Suara pintu dibuka tanpa permisi, memperlihatkan dua orang dengan raut wajah khawatir. Ya, Keisya dan Aurel masuk ke UKS dengan napas tak beraturan.
"Dion ... Lo kenapa Di ... Hiks hiks ... Lo kenapa bisa masuk sini. Dion sadar dong ... Gue takut lo kenapa-napa." Tangis pecah Keisya berusaha menggoyahkan tubuh lemah Dion.
Lelaki itu kini terbaring lemas dengan mata terpejam. "Dion nusuk perutnya pake pisau." lirih Dafa jujur dengan berat hati.
Keisya menoleh ke Dafa, gadis itu sekarang sedang mendekati cowok bernama Dafa tersebut. "Dion lukain dirinya sendiri?! Hah?! Jawab gue Daf! Terus lo semua nggak bisa cegah dia?! Lo semua apaan kayak gini!" Amarah Keisya disertai tangis yang mengiringi emosinya.
Aurel hanya pasrah jika amarah sahabatnya sudah keluar seperti ini. Ia terkejut ketika melihat Dion tiba tiba sudah sadar dari pingsan. "Keisya," ucap Aurel namun dibalas ketus oleh gadis tersebut.
"Gue lagi ngomong sama Dafa, Rel!" tegasnya tanpa memperdulikan Dion yang kini tengah berusaha untuk mendudukkan diri.

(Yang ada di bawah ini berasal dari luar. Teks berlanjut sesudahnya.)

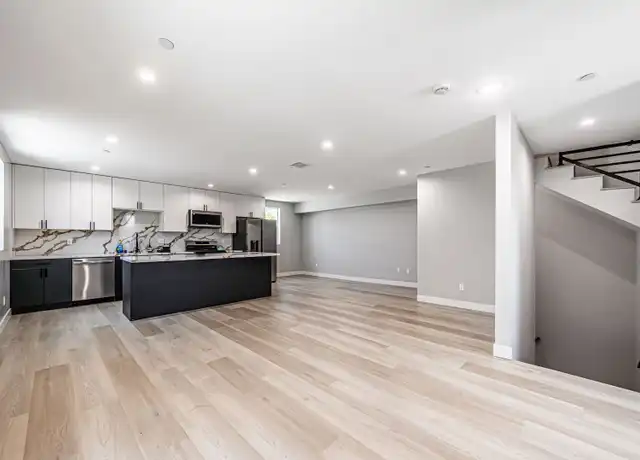 Property at 2223 S Highland Ave Unit 2225 1/2, Los Angeles, CA, 90016, 4 beds, 4.5 baths, [object Object]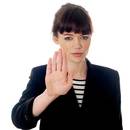 Jak stać się osobą asertywną?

Keisya hampir akan menampar Dafa tetapi kegiatannya terhenti karena suara seseorang yang familiar bagi Keisya. "Keisya, mereka nggak salah. Justru mereka yang berusaha mencegah gue biar nggak tusuk perut gue sendiri. Mereka baik, Sya. Jangan tampar Dafa, tampar gue aja." Suara parau dari Dion mampu menghentikan aktivitas Keisya yang hampir menampar Dafa.

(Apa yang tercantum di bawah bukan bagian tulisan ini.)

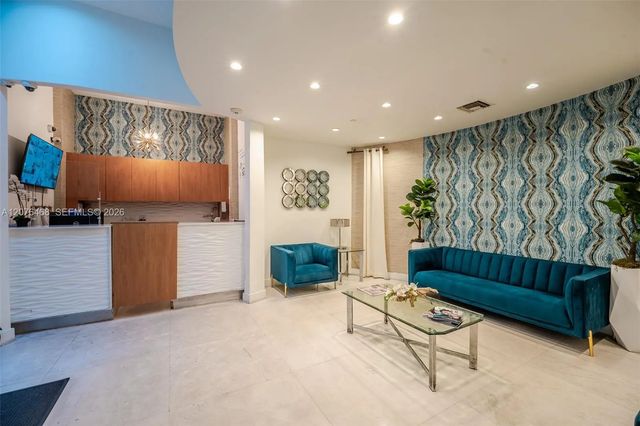5 of 27 - 1060 Ocean Drive #d206, Miami Beach, FL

Keisya berbalik badan dan mendapati Dion yang sudah berdiri dengan tangan memegangi perutnya. "Dion?" lirihnya tak percaya.
"Tampar gue, Sya. Gue udah bikin lo khawatir kan." celetuk Dion menatap gadis itu.

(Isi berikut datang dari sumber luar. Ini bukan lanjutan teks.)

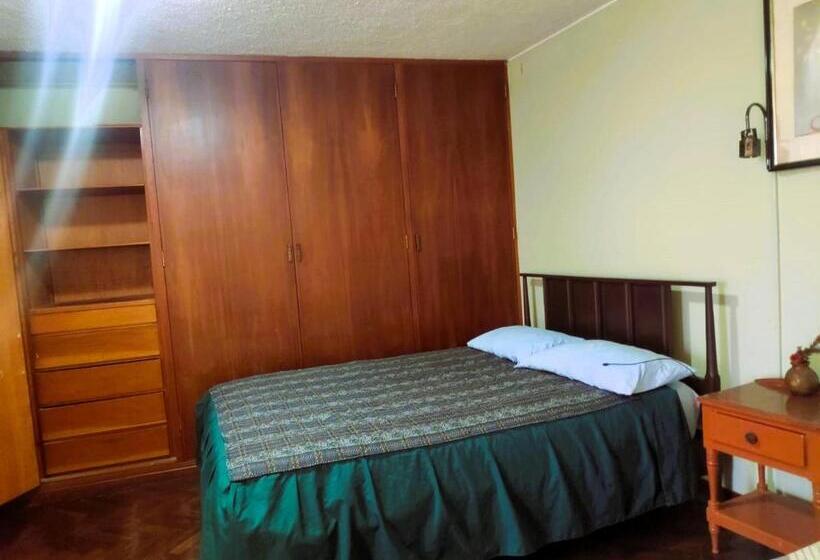 Пансион Flying House Hostel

"Nggak. Perut lo gimana sekarang?" tanya Keisya, air matanya sudah menetes sejak tadi.
Dion menunduk menatap perutnya yang masih nyeri. "Nggak apa-apa kok."
"Nggak apa-apa gimana? Itu ketusuk kan perut lo?" jawab gadis tersebut mencari kebenarannya.
Lelaki itu mengangguk. "Iya, tapi nggak dalem kena pisau nya. Karena keburu dibius sama Dafa." ungkapnya membuat Keisya menaikkan satu alisnya pada Dafa.
Yang merasa ditatap pun hanya cengengesan tak berdosa. "Ya abis dia udah nusuk cepet banget, daripada ntar tambah dalem lukanya mending gue suntik aja lengannya. Eh, bukannya kebius malah kagak mempan anjir, yaudah gue pake cara kedua gue minta Jean buat paksa dia minum obat bius juga kagak mau, ngeberontak terus." jelas Dafa menghempas napas gusar.
"Mau nggak mau kita sekap dia dari belakang. Biarlah nggak bisa napas sampe pingsan daripada mati konyol dengan bunuh diri pake gituan." sambung Jean bersedekap bangga.
Bibir Keisya terangkat membulat. Bagaimana bisa Jean merasa bangga atas dirinya menyekap ketua geng motornya sendiri? Haduh, Ragalaxy prik banget.
"Itu juga nggak mudah. Dion itu kuat, kita tahan pergerakan dia sampe beberapa menit. Sampe akhirnya gue ngelakuin hal terpaksa, gue tekan perutnya biar nggak bisa napas selain dari hidung dan hirup obat bius itu." sahut Gibran.
Keisya dan Aurel menggeleng miris. "Sangat kejam." celetuk Aurel datar.
"Miris sekali." sambung Keisya lalu menatap malas pada Dion.